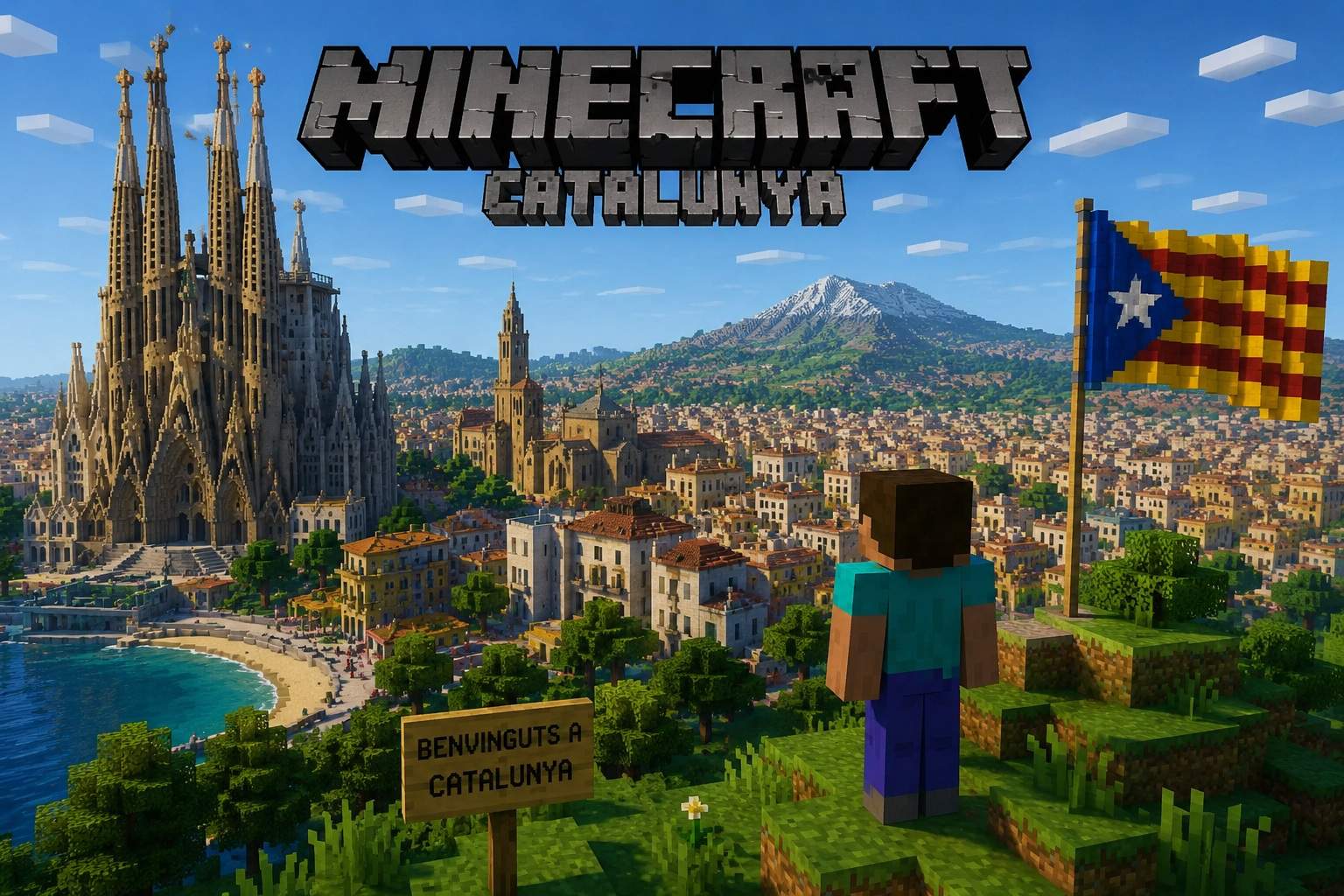Viure en una Catalunya paral·lela: el servidor de Minecraft que recrea els municipis catalans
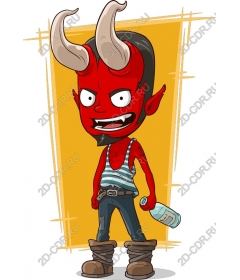  Cartoon Devil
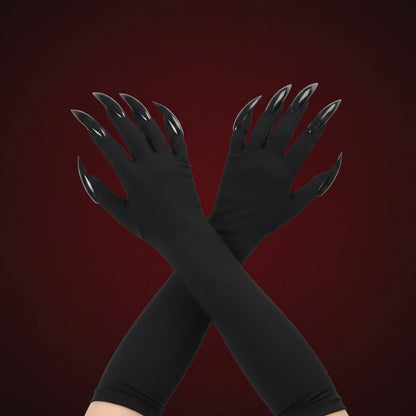 Enchanting Sorceress Claw Gloves with Glossy Talons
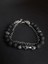 Mryart Siyah Lav Taşı ve Füme Akik Taşlı Zincir Detaylı Ayarlanabilir Şık Bileklik 4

TASK DIRECTIONS
Your task is to retype, exactly and only, the lines from the line holding "Cartoon Devil" through the final line of the data above, with both ends kept. Drop the pictures.

EXERCISE RESULT
  Cartoon Devil
 Enchanting Sorceress Claw Gloves with Glossy Talons
 Mryart Siyah Lav Taşı ve Füme Akik Taşlı Zincir Detaylı Ayarlanabilir Şık Bileklik 4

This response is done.